Из моих прежних набросков гедеоновской «Млады» в «Снегурочку» вошли лишь два элемента: повышающийся мотив Мизгиря: «О, скажи, скажи мне, молви одно слово» и гармоническая основа мотива светляков. Весь прочий музыкальный материал всецело возник при сочинении «Снегурочки».
Древние лады, как и при сочинении «Майской ночи» (первый хоровод «Просо», песни приближающегося хора в действии), продолжали занимать меня в «Снегурочке», 1-я песня Леля, некоторые части проводов масленицы, клич бирючей, гимн берендеев, хоровод «Ай, во поле липенька» написаны в древних ладах или с древними каденциями, преимущественно, II, III и V ступени (так называемые дорийский, фригийский и миксолидийский лады). Некоторые отделы, как, например, песня про бобра с пляской Бобыля, написаны с переходами в различные строи и различные лады. Стремление к ладам преследовало меня и впоследствии, в продолжение всей моей сочинительской деятельности, и я не сомневаюсь что в этой области мною сделано кое-что новое, так же как и другими композиторами русской школы, между тем как новейшая обработка древних ладов в западноевропейской музыке мелькает лишь в виде отдельных и редких случаев: вариации «Danse macabre» Листа, Нубийская пляска Берлиоза и т. д. <…>
Применение руководящих мотивов (Letmotiv) мною широко использовано в «Снегурочке». В ту пору я мало знал Вагнера, а поскольку знал, то знал поверхностно. Тем не менее, пользование лейтмотивами проходит через «Псковитянку», «Майскую ночь» и, в особенности, через «Снегурочку». Пользование лейтмотивами у меня несомненно иное, чем у Вагнера. У него они являются всегда в качестве материала, из которого сплетается оркестровая ткань.
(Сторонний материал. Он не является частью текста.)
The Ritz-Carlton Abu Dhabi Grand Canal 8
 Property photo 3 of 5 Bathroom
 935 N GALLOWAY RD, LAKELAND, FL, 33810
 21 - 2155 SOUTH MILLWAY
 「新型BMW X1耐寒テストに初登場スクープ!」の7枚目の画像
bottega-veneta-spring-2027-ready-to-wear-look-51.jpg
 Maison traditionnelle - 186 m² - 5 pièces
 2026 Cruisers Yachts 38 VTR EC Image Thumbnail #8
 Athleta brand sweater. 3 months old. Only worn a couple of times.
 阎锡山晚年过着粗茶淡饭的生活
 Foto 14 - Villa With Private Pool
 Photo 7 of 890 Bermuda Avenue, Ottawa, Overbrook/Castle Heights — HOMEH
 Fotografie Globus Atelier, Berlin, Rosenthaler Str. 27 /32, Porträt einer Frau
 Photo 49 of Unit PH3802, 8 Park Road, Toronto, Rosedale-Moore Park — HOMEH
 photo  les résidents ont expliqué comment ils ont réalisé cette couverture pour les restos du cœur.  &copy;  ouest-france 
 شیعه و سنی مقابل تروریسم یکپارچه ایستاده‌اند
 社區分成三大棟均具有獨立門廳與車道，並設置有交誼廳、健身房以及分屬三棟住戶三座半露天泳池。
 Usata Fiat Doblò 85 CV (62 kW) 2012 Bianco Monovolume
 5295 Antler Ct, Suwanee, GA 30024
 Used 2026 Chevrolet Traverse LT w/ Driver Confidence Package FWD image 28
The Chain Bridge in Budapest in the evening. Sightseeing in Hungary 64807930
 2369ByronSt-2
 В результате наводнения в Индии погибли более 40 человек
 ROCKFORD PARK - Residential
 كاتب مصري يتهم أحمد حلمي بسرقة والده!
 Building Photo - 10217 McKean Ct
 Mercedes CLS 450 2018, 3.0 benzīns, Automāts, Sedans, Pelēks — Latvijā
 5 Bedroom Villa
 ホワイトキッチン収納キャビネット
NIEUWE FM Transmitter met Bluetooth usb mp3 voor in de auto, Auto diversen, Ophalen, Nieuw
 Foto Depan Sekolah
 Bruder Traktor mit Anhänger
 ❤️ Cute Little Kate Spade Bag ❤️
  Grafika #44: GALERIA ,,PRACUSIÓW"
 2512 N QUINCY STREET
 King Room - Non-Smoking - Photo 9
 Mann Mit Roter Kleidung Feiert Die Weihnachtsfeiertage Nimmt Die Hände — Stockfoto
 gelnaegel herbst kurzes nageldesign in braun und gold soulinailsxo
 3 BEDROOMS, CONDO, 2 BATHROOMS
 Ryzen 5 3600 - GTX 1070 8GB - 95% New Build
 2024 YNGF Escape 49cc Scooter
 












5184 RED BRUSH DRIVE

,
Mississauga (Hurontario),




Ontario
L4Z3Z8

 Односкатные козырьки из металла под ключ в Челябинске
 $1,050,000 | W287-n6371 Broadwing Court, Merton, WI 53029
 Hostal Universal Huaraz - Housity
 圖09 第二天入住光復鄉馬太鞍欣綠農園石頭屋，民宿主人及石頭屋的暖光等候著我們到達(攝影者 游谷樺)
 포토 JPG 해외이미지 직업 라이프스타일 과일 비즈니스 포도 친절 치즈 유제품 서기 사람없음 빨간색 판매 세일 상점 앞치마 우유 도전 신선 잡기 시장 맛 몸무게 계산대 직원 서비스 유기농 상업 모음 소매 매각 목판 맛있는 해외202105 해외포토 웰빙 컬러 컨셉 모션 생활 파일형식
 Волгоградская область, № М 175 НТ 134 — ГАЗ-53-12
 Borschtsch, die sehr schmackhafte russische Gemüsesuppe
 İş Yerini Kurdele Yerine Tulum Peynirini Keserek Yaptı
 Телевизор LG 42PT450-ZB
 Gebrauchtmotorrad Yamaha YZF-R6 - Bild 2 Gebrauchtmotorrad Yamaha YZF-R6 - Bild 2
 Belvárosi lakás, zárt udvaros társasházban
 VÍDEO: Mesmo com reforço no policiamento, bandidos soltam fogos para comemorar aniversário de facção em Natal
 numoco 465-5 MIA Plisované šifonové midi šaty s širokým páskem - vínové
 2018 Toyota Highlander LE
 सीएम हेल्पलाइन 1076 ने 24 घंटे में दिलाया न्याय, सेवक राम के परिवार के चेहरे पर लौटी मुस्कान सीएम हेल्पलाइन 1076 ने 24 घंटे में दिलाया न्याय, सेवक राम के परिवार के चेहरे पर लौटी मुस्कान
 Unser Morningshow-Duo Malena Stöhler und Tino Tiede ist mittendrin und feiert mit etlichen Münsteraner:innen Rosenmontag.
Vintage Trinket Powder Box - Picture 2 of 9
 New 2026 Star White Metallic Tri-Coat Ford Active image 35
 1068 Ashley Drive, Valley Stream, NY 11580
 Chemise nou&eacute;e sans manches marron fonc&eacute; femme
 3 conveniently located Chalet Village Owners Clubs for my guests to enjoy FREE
У меня же, кроме подобного применения, лейтмотивы появляются и в поющих голосах, а иногда являются составными частями более или менее длинной темы, как, например, главной мелодии самой Снегурочки, а также в теме царя Берендея. Иногда лейтмотивы являются действительно ритмико-мелодическими мотивами, иногда же только как гармонические последовательности; в таких случаях они скорее могли бы быть названы лейтгармониями. Такие руководящие гармонии трудно уловимы для слуха массы публики, которая предпочтительнее схватывает вагнеровские лейтмотивы, напоминающие грубые военные сигналы. Схватывание же гармонических последовательностей есть удел хорошего и воспитанного музыкального слуха, следовательно — более тонкого понимания. <…>
Формы «Снегурочки» отчасти традиционные — глинкинские, т. е. представляющие собой отдельные законченные нумера (преимущественно в песнях), отчасти ходообразные, слитные, как у Вагнера (преимущественно в прологе и V действии), но с соблюдением известного архитектонического плана, сказывающегося в консеквентных повторениях кусков и в модуляционных приёмах.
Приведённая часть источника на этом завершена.